Anuja Chauhan Shares How Her Book, The Zoya Factor, Became a Film 

The latest Bollywood flick, ‘The Zoya Factor’, starring Sonam Kapoor, is based on Anuja Chauhan’s 2008 novel. 

2 min read

From coming up with the famous ad slogan, ‘Yeh Dil Maange more’ to penning five bestselling novels, Anuja Chauhan has much to her credit. Her first book, The Zoya Factor, about cricket and a ‘lucky girl’, is now a Bollywood flick.

Talking to The Quint, she shares Zoya’s journey from the book to a movie. Here are the excerpts from the interview.

Was it difficult to write a novel on cricket?

Well, the good part about The Zoya Factor is that it is a first person narrative of a person who neither knows the game nor likes the game. So, I didn’t have to kill myself over the research. But it became quite messy with the movie because in the movie, you had to include the boy’s point of view, who is the captain of the Indian cricket team. So, we needed to make out cricketing bits sharper. Luckily, I had the director with me and some experts, who helped us.


Does Sonam Kapoor fit image of Zoya you had in mind?

I think she has done a really good job. She does really good homework and her homework is spot on. She has read the whole book, a lot of actresses wouldn’t do that. She put on 10 kg, she has perm, and I think she looks very authentic and it is working very well.

A South Indian actor, Dulquer Salman, is playing the cricket team captain, does he look the part?

So we have had a South Indian captain, we have had Rahul Dravid. I think he did a really good job because if you see Nikhil Khoda, the character in the book, he is brown, he is broody, and there is a lot of intensity there, which I think Dulquer has channelled really well.

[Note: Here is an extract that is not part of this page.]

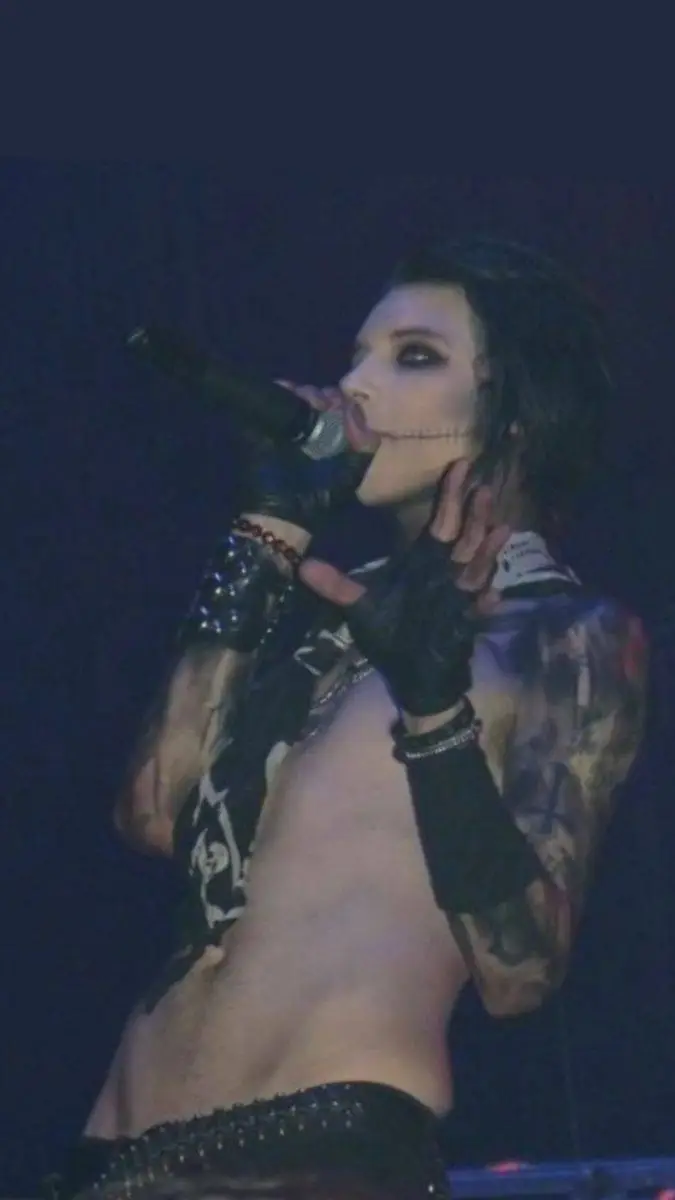 ai character: BILL KAULITZ background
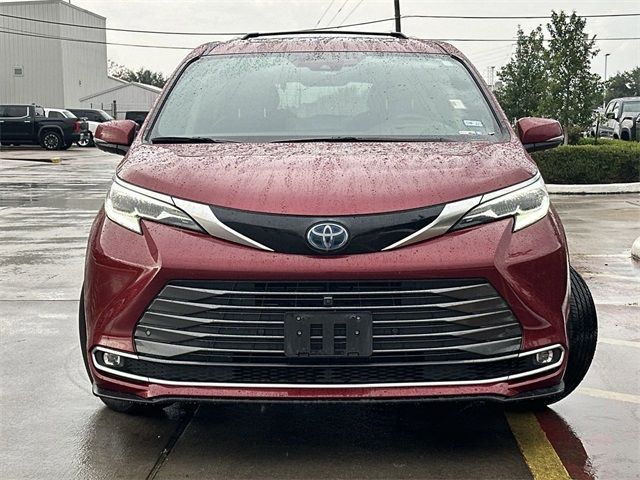 2023 Toyota Sienna Platinum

So where you part of the script writing process for the movie?

Yes, after they had worked on six drafts, they contacted me. Director Abhishek insisted that I go through everything. I worked with them on the final two drafts of screenplay and dialogues.

There was a fair amount of changes, because I had issues with some stuff they had done. I felt that they had dumbed down Zoya a lot, and they had made Nikhil very flirtatious.

But everyone realised what I was saying and we were being very constructive about it. There were a lot of arguments, discussions, banged doors and slammed phone calls. But it was all for the betterment of the film, so it was a good process.